#### Provided data:
- - - -
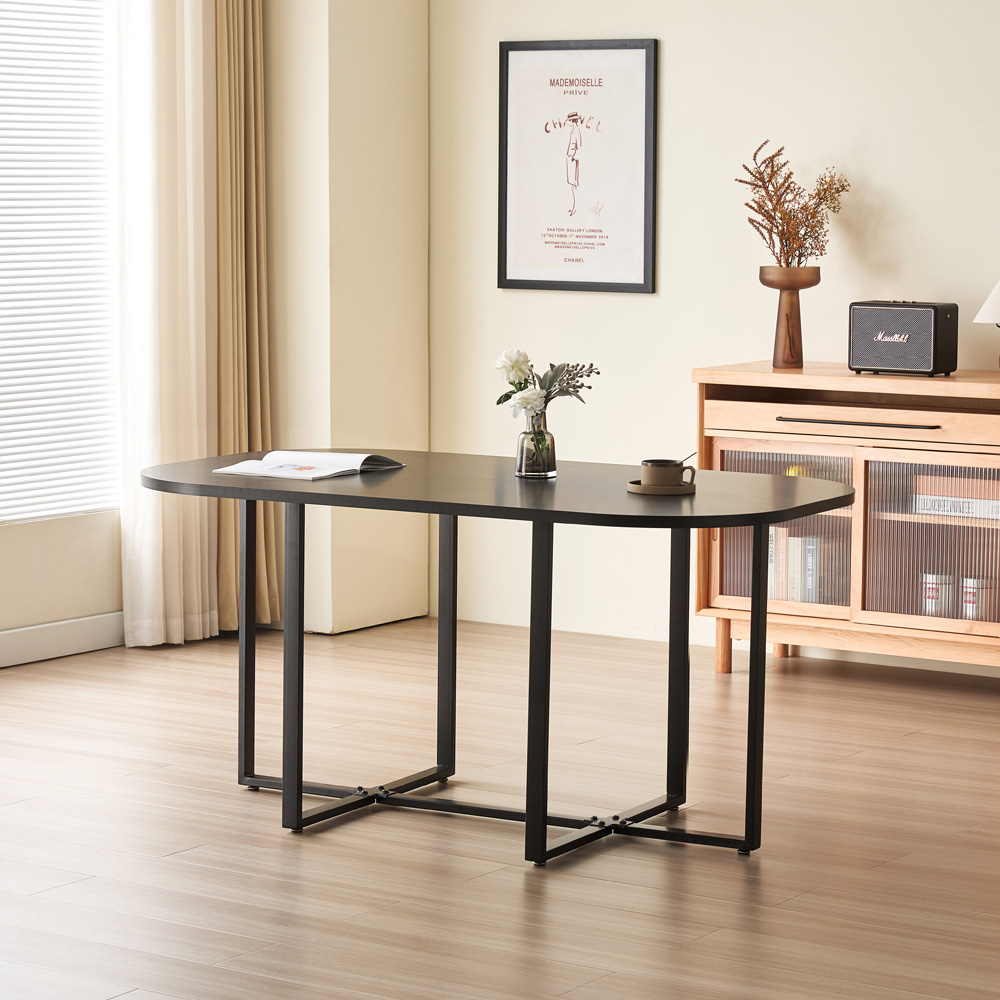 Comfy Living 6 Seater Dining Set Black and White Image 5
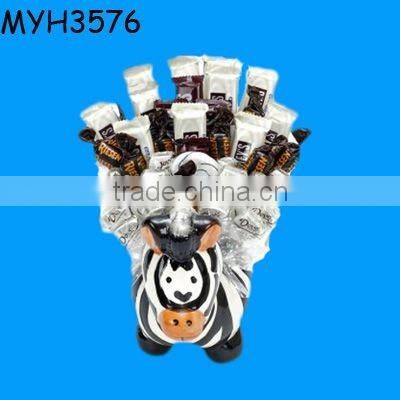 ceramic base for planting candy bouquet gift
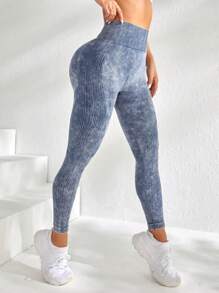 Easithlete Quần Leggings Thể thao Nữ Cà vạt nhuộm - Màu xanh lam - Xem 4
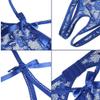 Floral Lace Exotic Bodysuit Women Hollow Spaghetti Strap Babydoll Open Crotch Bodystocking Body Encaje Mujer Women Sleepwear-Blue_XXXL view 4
- - - -
#### Problem requirements:
Give the data again word for word, without pictures.

#### Output below:
 Comfy Living 6 Seater Dining Set Black and White Image 5
 ceramic base for planting candy bouquet gift
 Easithlete Quần Leggings Thể thao Nữ Cà vạt nhuộm - Màu xanh lam - Xem 4
 Floral Lace Exotic Bodysuit Women Hollow Spaghetti Strap Babydoll Open Crotch Bodystocking Body Encaje Mujer Women Sleepwear-Blue_XXXL view 4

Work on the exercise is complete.